Provincial / State sides
- Years: Team / Apps / (Points)
- 1946: Glasgow District /  / ()
- 1946: Blues Trial /  / ()
- 1947: Scotland Probables /  / ()

International career
- Years: Team / Apps / (Points)
- 1947–49: Scotland / 8 / (0)

= Russell Bruce =

Scotland international rugby union player

Charles Russell Bruce (25 April 1918 — 17 April 2009) was a Scotland international rugby union player.

==Rugby Union career==

===Amateur career===

Bruce was educated at Glasgow Academy and played for Glasgow Academicals.

He played for the Army Rugby Union side in 1944.

===Provincial career===

He captained Glasgow District in the 1946 December inter-city match against Edinburgh District.

He later played in the trial match that month. He played for the Blues Trial side on 21 December 1946 against Whites Trial side.

He then turned out for the final trial match for Scotland Probables against Scotland Possibles on 18 January 1947.

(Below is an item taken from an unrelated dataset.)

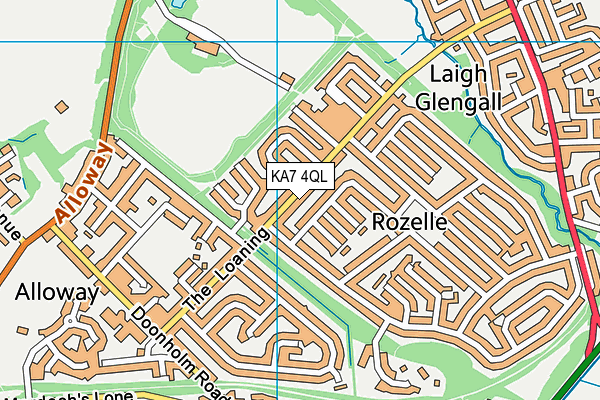 KA7 4QL map - OS VectorMap District (Ordnance Survey)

===International career===

Bruce represented Scotland in the 1946 Victory Internationals which were at the time non-cap internationals, before later gaining official caps in the 1947 Five Nations. He featured in all four of Scotland's matches, the first three as a centre, then as an experimented fly-half for the final match against England, for which he also stood in as captain. For his remaining four caps, all in the 1949 Five Nations, he was used again at fly-half.

==Military career==

He served as an Army major during World War 2.